Le soir, diner au Country Club. Ce délicieux endroit a été choisi parce qu’on y aura l’agréable liberté de nous offrir des vins de France.

La ville d’Ottawa est en effet bâtie au bord de la rivière du même nom, qui sépare les deux provinces de Québec et d’Ontario. Or, la province d’Ontario est au régime sec, — cela veut dire, qu’on n’y boit que de l’eau, — tandis que celle de Québec a gardé le droit de boire du Saint-Julien, du Château-Laffitte, du Rœderer, etc. Heureux habitants d’Ottawa ! Ils peuvent à volonté se mettre par hygiène au régime de l’eau pure et quand il devient trop plat et monotone, que la tentation est trop forte, il suffit de passer les ponts ! Cures d’eau et de vin alternées ! Ne semble-t-il pas qu’il y ait là une situation éminemment favorable à l’entretien d’une bonne santé ?
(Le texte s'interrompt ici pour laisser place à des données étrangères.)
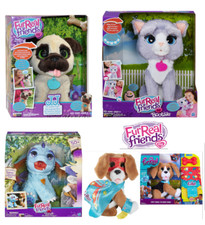 Furreal Friends Giocattolo Interattivo Animali Bootsie/JJ Carlino/Torcia/Bonus Charlie/Kitty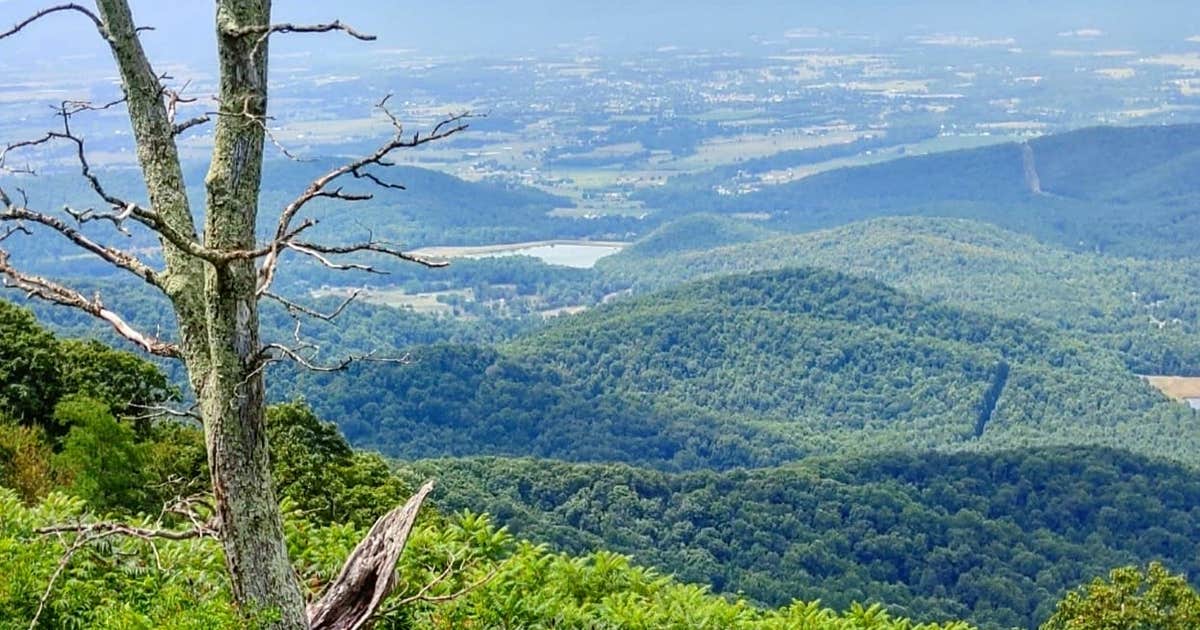 Shenandoah River Outfitters Camp Outback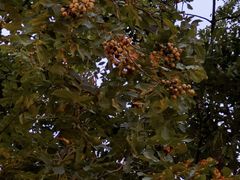 -白鹭湾湿地公园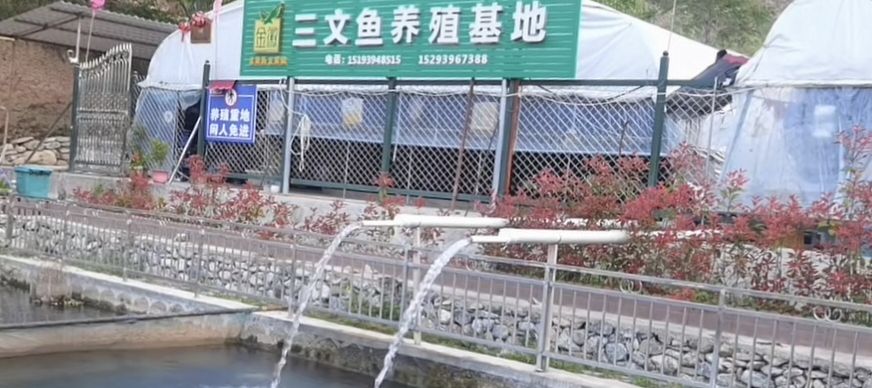 塑造甘南“特色品牌”，擴寬群眾增收大道。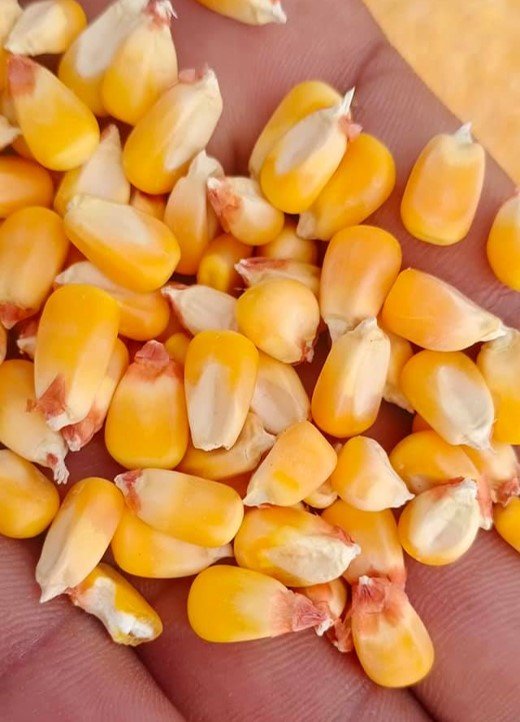 Yellow Maize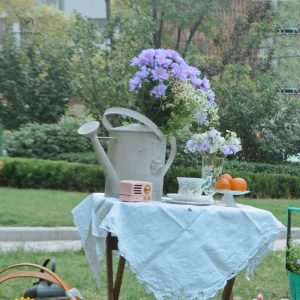 Arrosoir en zinc décoratif pour le jardin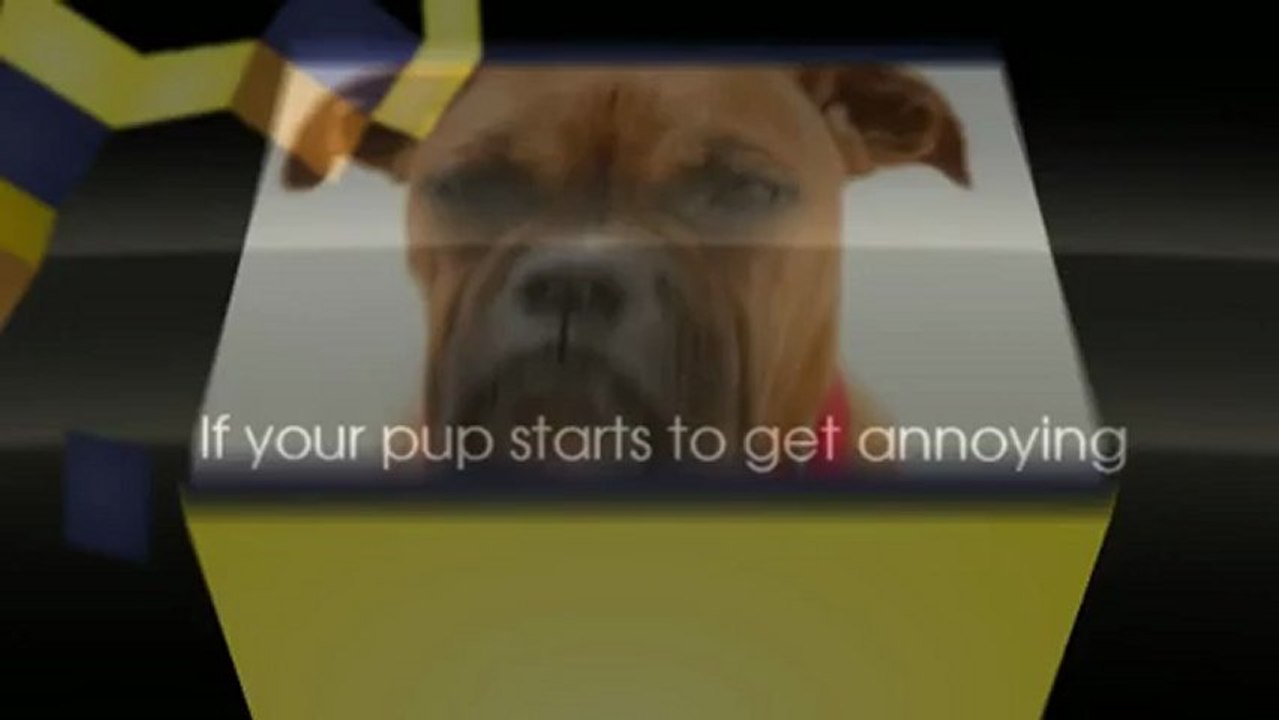 Control your dog's behavior properly with Dog training classes | 1300 306 887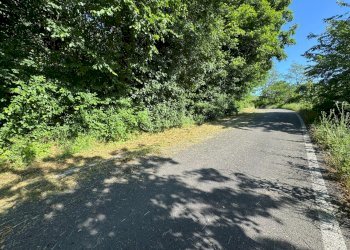 Casa indipendente Castel San Pietro Terme - foto 23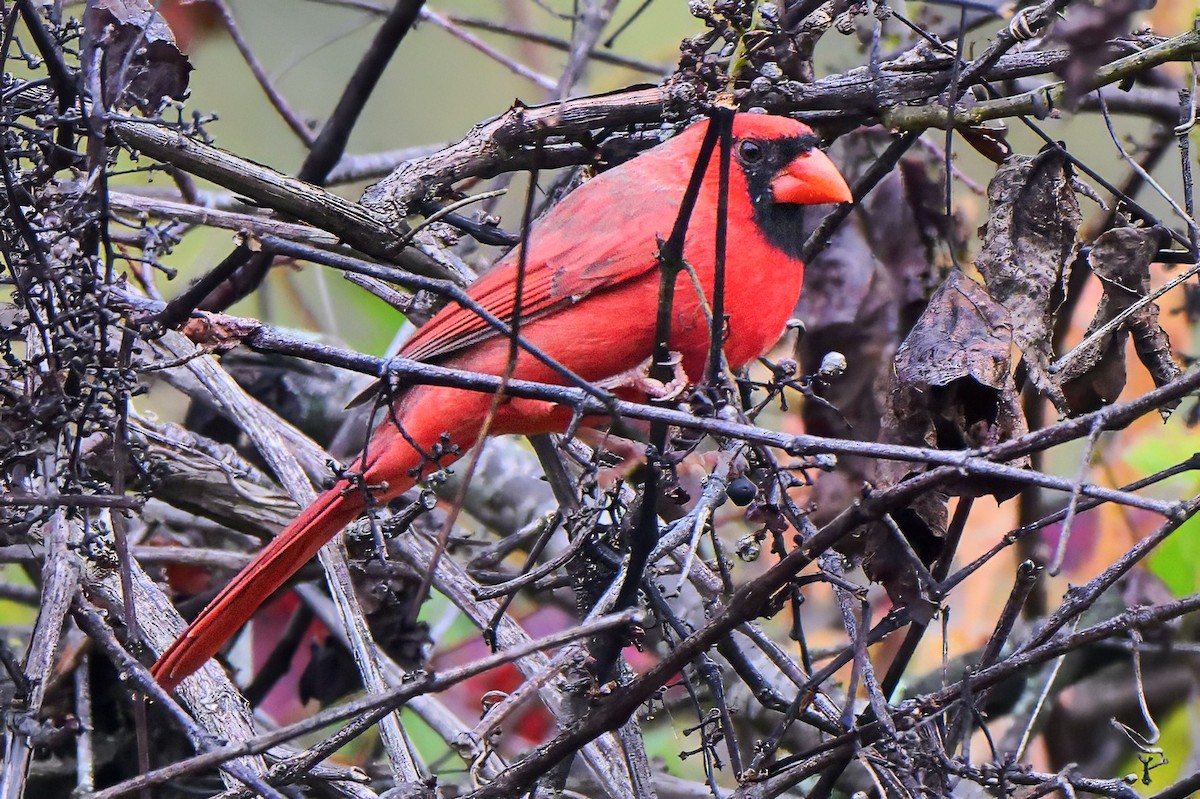 Northern Cardinal - ML643461671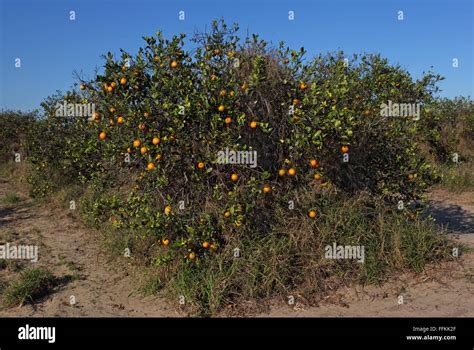 Citrus Grove High Resolution Stock Photography And Images Alamy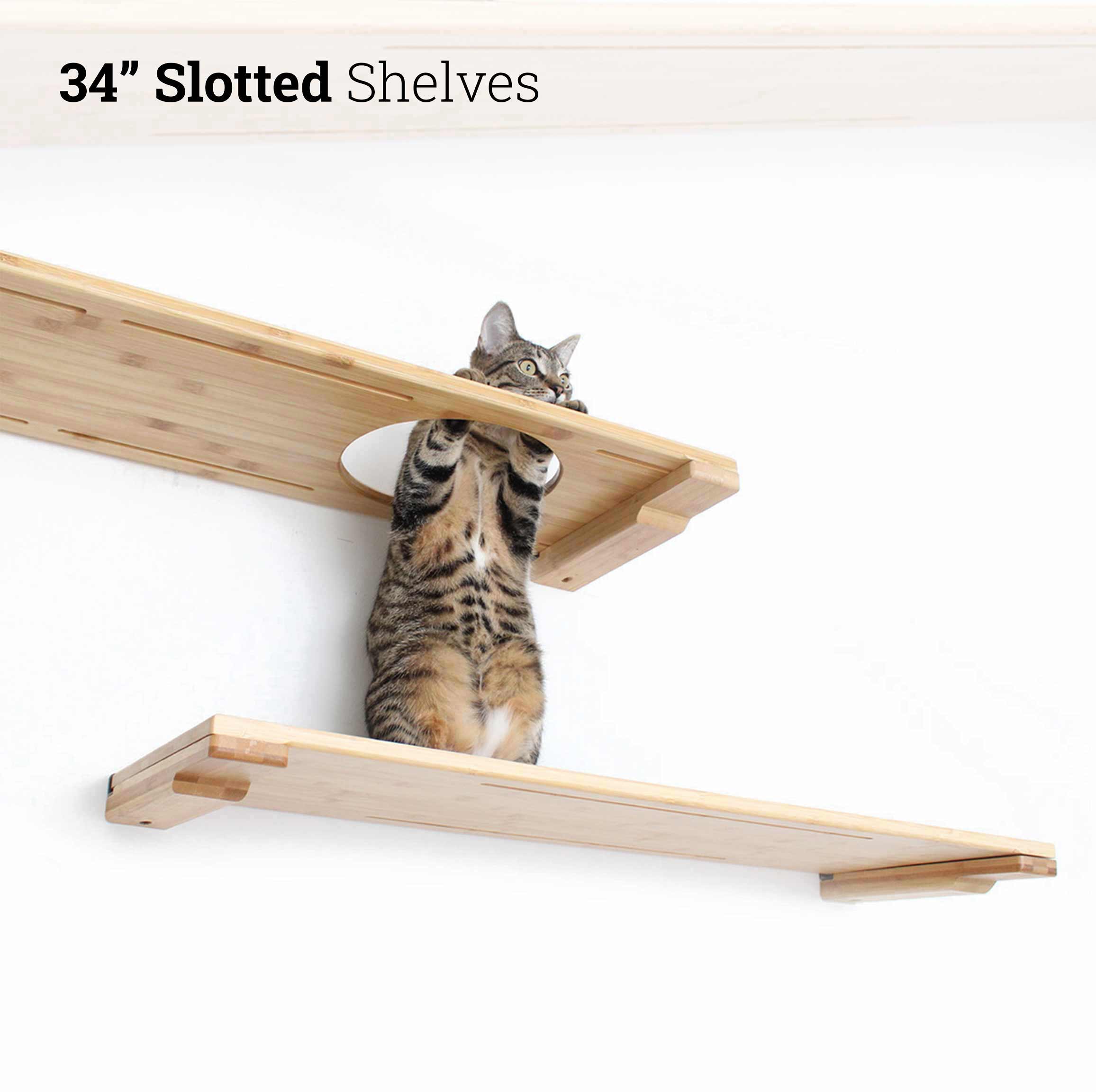 Photo showcases the updated slotted shelf version of the 34" cat shelf and escape hatch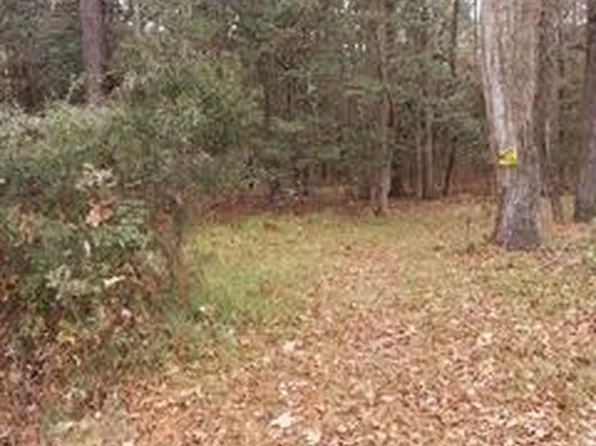LOT 208 Prices Bridge Ln, Walterboro, SC 29488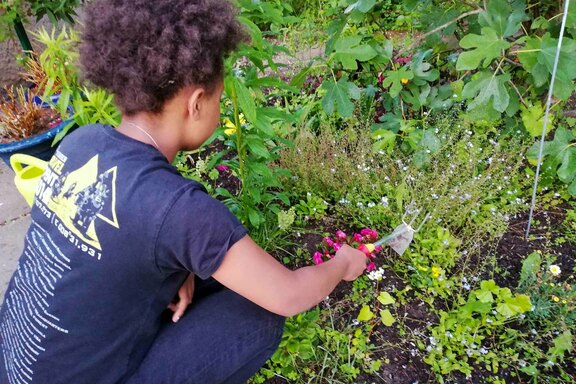 Zum neuen Haus gehört ein schöner Garten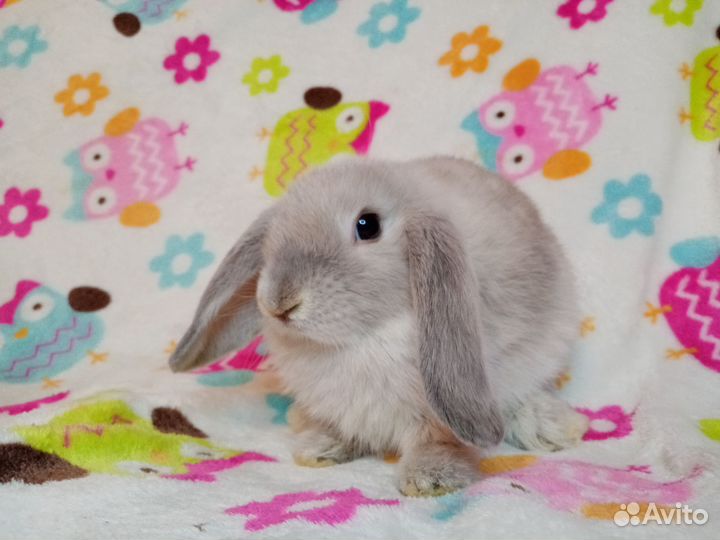 Кролик вислоухий баран мальчик 2 мес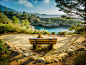 Bench with the View (Point Lobos) by Viktor Elizarov on 500px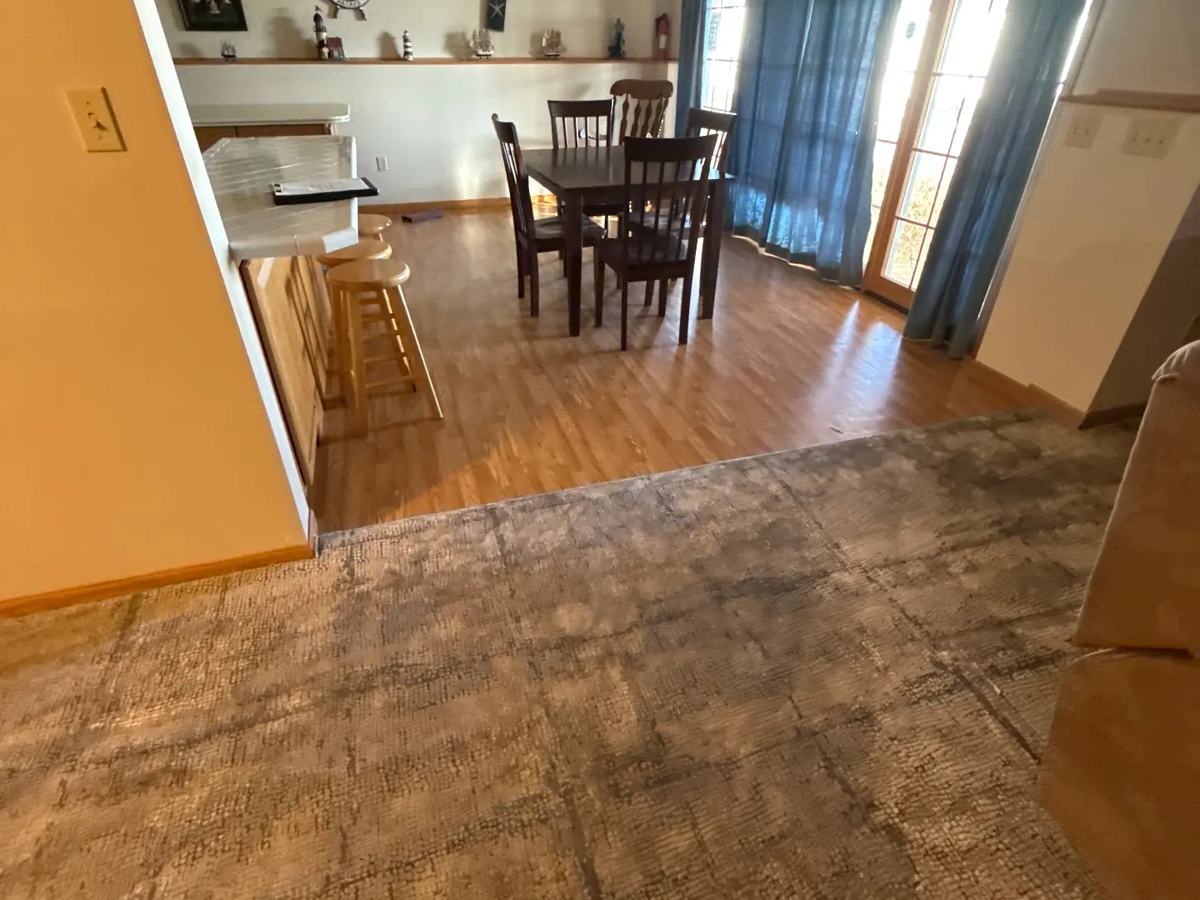Living room carpet soaked and stained by water damage before mitigation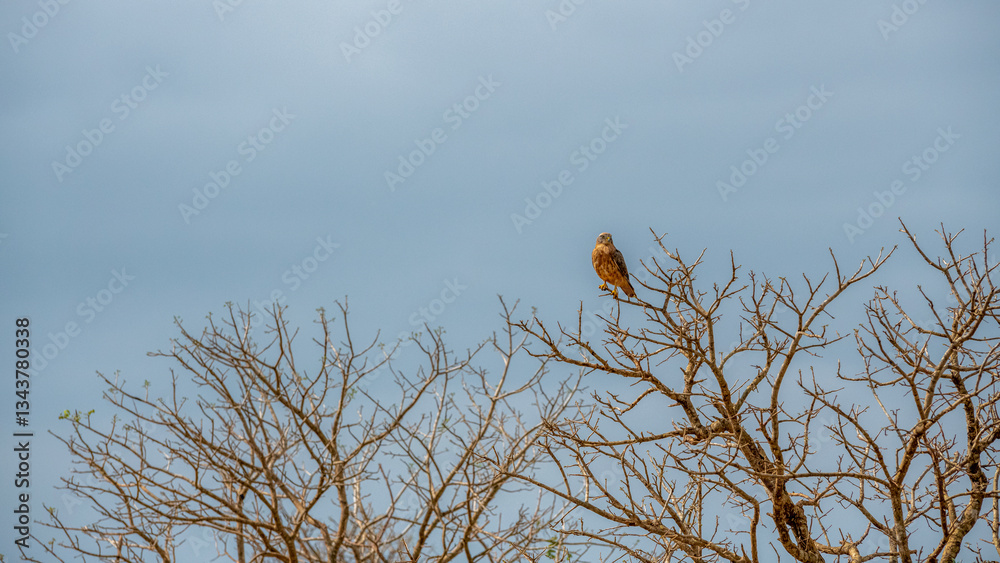 siedzący na drzewie Sokół wędrowny (Falco peregrinus), Park Narodowy Tsavo i rezerwat wzgórz Taita, Kenia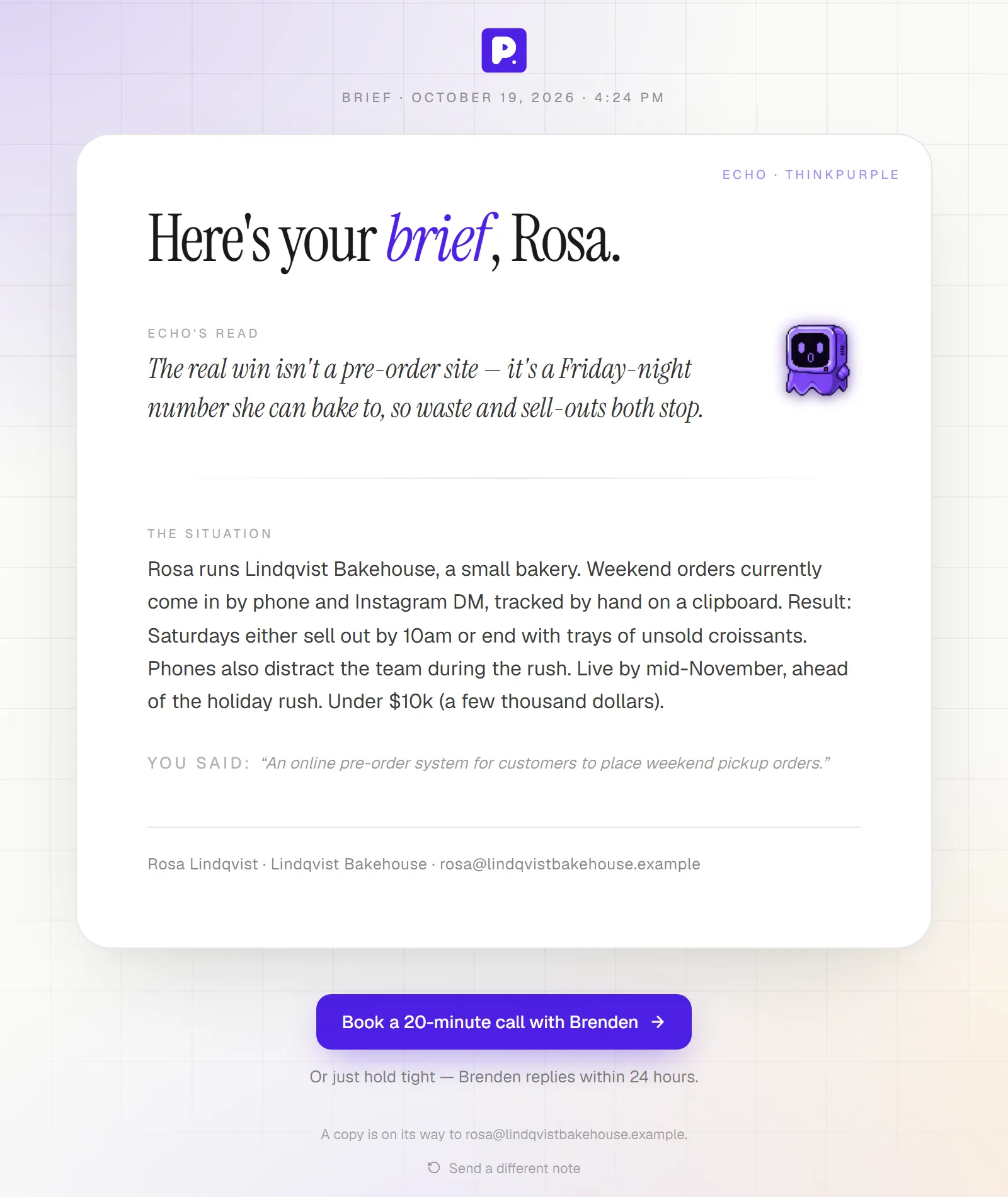 The visitor's brief: Echo's read, the situation in prose, and a button to book a 20-minute call.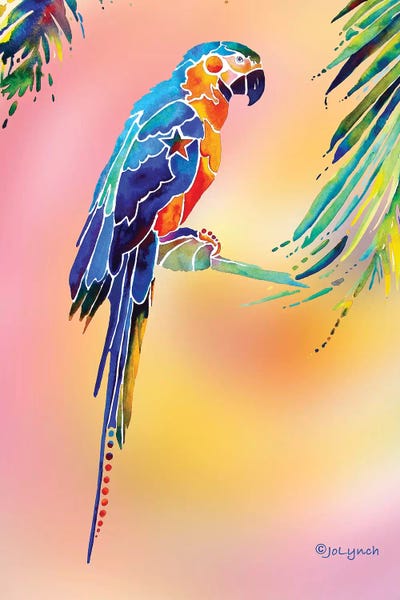 Jo Lynch: Tropical Parrot by Jo Lynch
La soirée que nous passons au Country Club est extrêmement agréable. Elle est marquée par une lutte qui s’établit à la fin du dîner entre les orateurs locaux et ceux de la mission. Tout le monde sait combien les Américains sont sensibles à la musique des mots ; c’est au point que les banquets ne sont souvent que prétexte à discours dont la succession est soigneusement réglée soit par le Président, soit par un personnage spécial appelé « toastmaster. » Comment expliquer que des gens d’esprit positif et pratique, réalisateurs, allant toujours au fond des choses, crevant le décor pour regarder ce qu’il y a derrière, comment expliquer que ces gens s’abandonnent ainsi au mirage de la parole ? Peut-être est-ce par simple réaction, pour le plaisir de sortir du domaine des faits, en s’envolant un instant dans le monde des idées. Il ne faut pas oublier non plus que les Américains se distinguent des Anglo-Saxons par un idéalisme et une générosité qui les rapprochent beaucoup des Latins. Quoi qu’il en soit, les Canadiens, aussi bien Français qu’Anglais, ont pour les manifestations oratoires le même goût que les Américains.